Advisers typically caution against withdrawing more than £100,000 in a single year because of what Nesbitt calls the "60 per cent tax trap".
For every £100 earned between £100,000 and £125,140, £40 is deducted in income tax, while another £20 is lost from the tapering of the personal allowance.
This creates an effective 60 per cent tax rate within this income band.
Age and health are crucial factors when deciding how much to withdraw from pension pots, experts advise.
Jason Hollands of wealth manager Evelyn Partners said some clients had planned not to touch their pensions for as long as possible.
However, the 2027 changes have completely upended those strategies.
He said: "You've got to take into account the post-tax impact when you withdraw pension savings, that's important to consider. Some people will be taking tax-free cash, some people are increasing their withdrawal rate.
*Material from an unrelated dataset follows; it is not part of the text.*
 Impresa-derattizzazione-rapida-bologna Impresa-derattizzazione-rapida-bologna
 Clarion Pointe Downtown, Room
"Age and health need to be considered when deciding how much to take out. If you're healthy, basically, you have longer to extract money."
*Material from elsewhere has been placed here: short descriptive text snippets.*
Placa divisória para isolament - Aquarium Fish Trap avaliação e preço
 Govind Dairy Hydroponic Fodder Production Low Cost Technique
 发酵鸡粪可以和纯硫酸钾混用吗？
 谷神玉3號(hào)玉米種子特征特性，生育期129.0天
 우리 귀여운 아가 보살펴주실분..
Major investment platforms have called on the Chancellor to reverse the inheritance tax raid on pensions.
In a January letter to Rachel Reeves, the bosses of Hargreaves Lansdown, AJ Bell, Interactive Investor and Quilter expressed serious concerns.
These firms collectively manage around £430bn for British savers. They warned the plans would hurt lower-income savers by increasing complexity.
The changes would also "compound an already difficult situation" for bereaved families.
With implementation still two years away, savers are now faced with difficult decisions about whether to accept higher tax bills today to protect their heirs tomorrow.